** Information supplied follows **
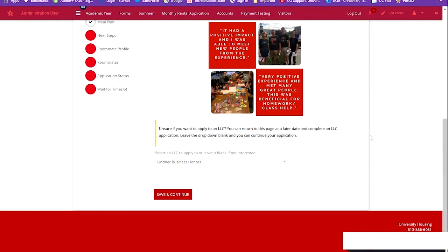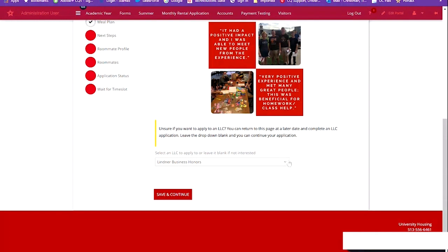If you are unsure, you can return to this page at a later date to complete the LLC application. You'll simply leave the drop-down box blank and continue with your application process.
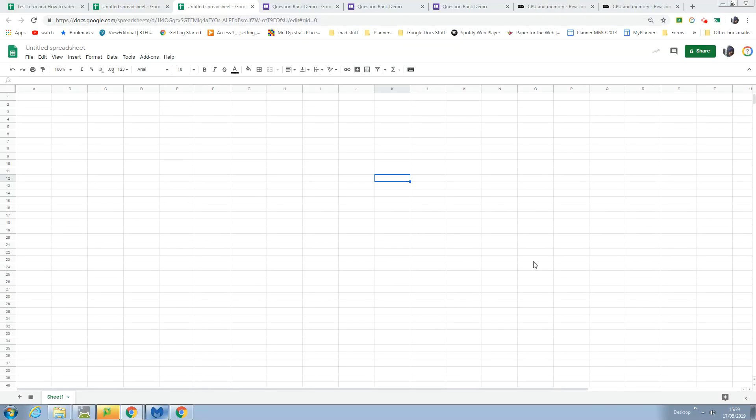Hello, in this video I'm going to talk to you about using a question bank to correct quizzes using the Form Maker add-on. I'm starting with a blank sheet as you can see here, there's nothing in it.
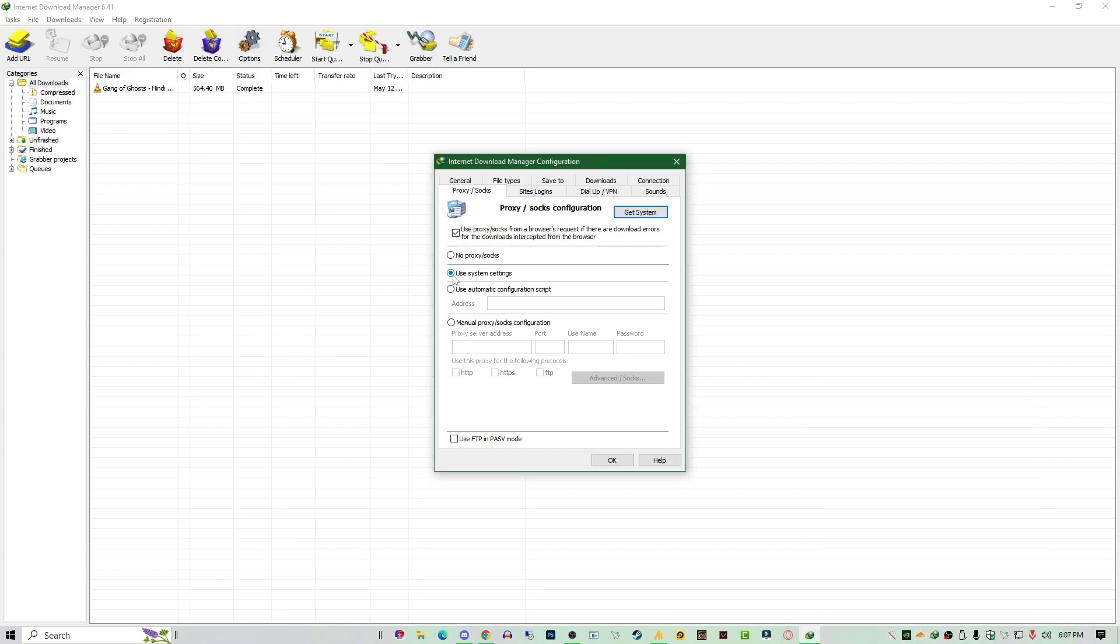So that's the simple process. In case if you are using proxy, then go with the second option. In case if you are not using any proxy, you are using just a VPN or something, then you can go with this option.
** End of Information supplied **
All lines of the material above should be returned unchanged, but no pictures should be included.

If you are unsure, you can return to this page at a later date to complete the LLC application. You'll simply leave the drop-down box blank and continue with your application process.
Hello, in this video I'm going to talk to you about using a question bank to correct quizzes using the Form Maker add-on. I'm starting with a blank sheet as you can see here, there's nothing in it.
So that's the simple process. In case if you are using proxy, then go with the second option. In case if you are not using any proxy, you are using just a VPN or something, then you can go with this option.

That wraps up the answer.